— What is being asked —
An exact copy of the listing is required, with its pictures removed.

— Stored data —
====================

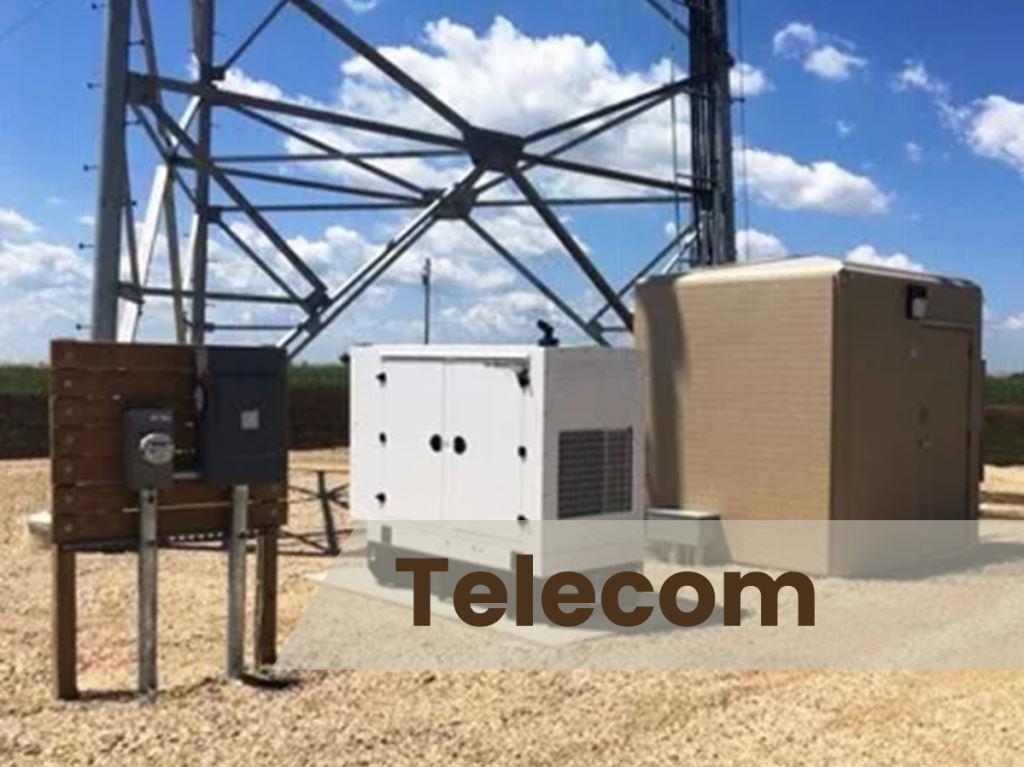 A telecom tower surrounded by clear access roads, illustrating specialized weed control measures in place.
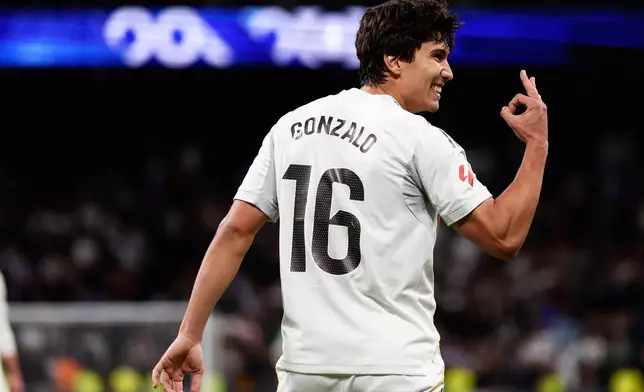 Real Madrid's Gonzalo Garcia celebrates after scoring his third and his sides fourth goal during the Spanish La Liga soccer match between Real Madrid and Real Betis Sevilla in Madrid, Spain, Sunday, Jan. 4, 2026. (AP Photo/Pablo Garcia)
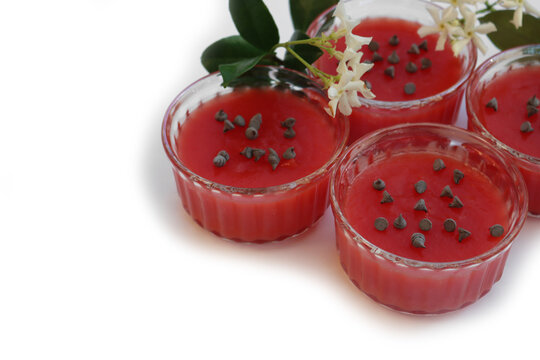 Traditional Sicilian Watermelon Puddings called Gelo di Mellone with chocolate chips  in glass bowls on white background with jasmin flowers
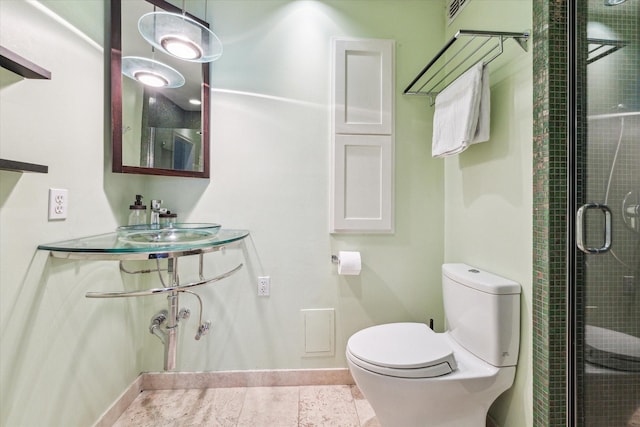 bathroom featuring tile patterned floors, toilet, and an enclosed shower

====================

— Output for this exercise —
 A telecom tower surrounded by clear access roads, illustrating specialized weed control measures in place.
 Real Madrid's Gonzalo Garcia celebrates after scoring his third and his sides fourth goal during the Spanish La Liga soccer match between Real Madrid and Real Betis Sevilla in Madrid, Spain, Sunday, Jan. 4, 2026. (AP Photo/Pablo Garcia)
 Traditional Sicilian Watermelon Puddings called Gelo di Mellone with chocolate chips  in glass bowls on white background with jasmin flowers
 bathroom featuring tile patterned floors, toilet, and an enclosed shower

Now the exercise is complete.